I'm not sure it's worth our energy to be so disappointed in Mozilla here. That "they're between a rock and a hard place" precisely is the spin within which they stood up against abuse of trust.

They have sent out a letter so far. One of your worries appears to be that it sets the precedent that companies who do what Trustwave did can expect (only) letters in the future. But (iirc, and perhaps even in the bugzilla thread) one of the stated purposes of the letter is to set the opposite precedent: to publicly warn commercial CA's that future bullshit will result in distrusting.

I happen to think Trustwave had plenty of warning without the letter, but this particular hard place is particularly thorny because Mozilla is such a central policy hub. That's a problem you touched on above, that we agree needs a fix, but it's the way things are today.

The other half of the hard place is that before Trustwave pulled this BS, they issued a whole lot of legit commercial certs to a predominantly innocent user population. And you know, they can and should all go acquire certs from someone else, but they can't do that overnight. So if we really want Trustwave to get distrusted, I feel like we should focus our energy on a) telling people that Trustwave sucks and urging them to migrate, and b) paying attention/effort to initiatives like the one you mentioned from MM.

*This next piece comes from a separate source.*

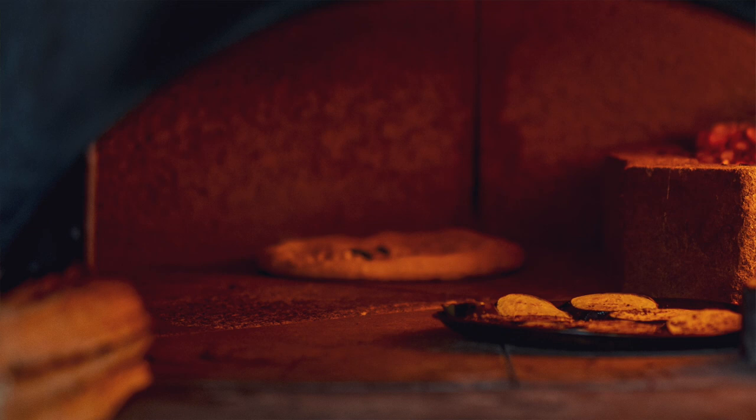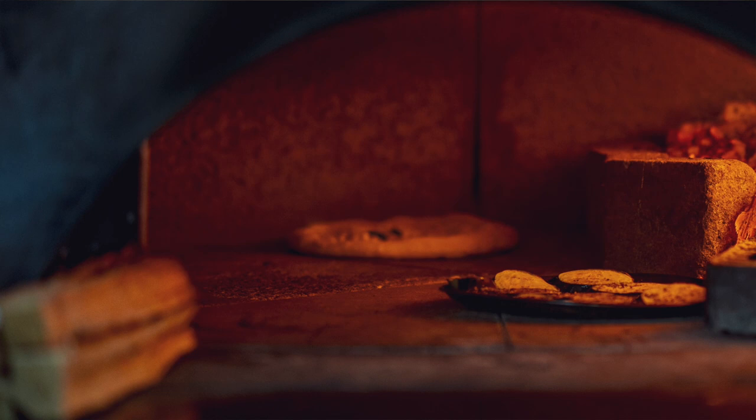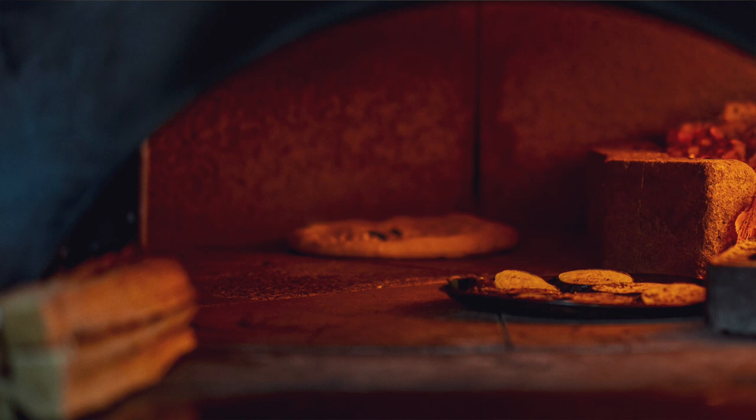But Gretel saw what the woman had in mind and said, I do not know how I am to do it. How do I get in? Silly goose, said the old woman, the door is big enough, just look, I can get in myself. And she crept up and thrust her head into the oven. Then Gretel gave her a push and drove her far into it and shut the iron door and fastened the bolt. Oh, then she began to howl quite horribly, but Gretel ran away and the godless witch was miserably burnt to death.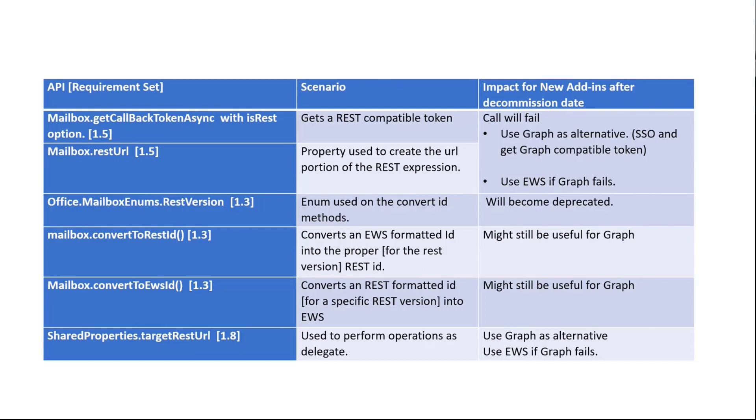Of course, maybe there are a few exceptions here. At this point, one of the call to actions that I have for our community is to just let me know if that's not the case so that we can prioritize filling up those gaps. And if you're using EWS, we don't have any concrete plans to deprecate. So it can be also an alternative to the graph. The recommendation here is try to use the graph first, use the single sign-on methods to get those graph compatible tokens, and use the graph. And the documentation here is very extensive, by the way. REST version, obviously, this API is going to become basically obsolete.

I'm mostly with you. But Mozilla could issue a blanket moratorium on the issuance of CA=YES certs to external organizations; Verisign would, during the moratorium, only be allowed to issue chained CA certs for Verisign properties.

They could do that today. Nothing would break.

Then they could spend some time --- spend as much time as they like, really --- coming up with a policy that allows extraordinarily trusted companies to sponsor and sign subCAs.

But they didn't do that. It's not just that they only issued a letter; it's that the letter is comically weak.


I think what Mozilla have done here is to provide an incentive for any other CAs who may have already done what TrustWave did to quickly own up, revoke the certificates, and promise not to issue any more.

If they'd immediately executed TrustWave, the incentive would be for any other CAs who've done the same thing to double-down and hide it, which would leave us in an overall worse position.

In other words, it's a temporary amnesty - a strategy which has a good history of working well.


While I don't generally buy the notion that this is carefully-calculated hardball on the part of Mozilla, I agree that immediate revocation isn't the only reasonable outcome here. What disappoints me the most is that the response leaves the unaccountable system of for-profit subsidiary CAs untouched.


Agreed. Any subsidiary CA should be meeting all the requirements imposed on the root CAs - and if they are, then they could simply be included in the browser root programs in their own right rather than paying another CA for a sub-CA cert.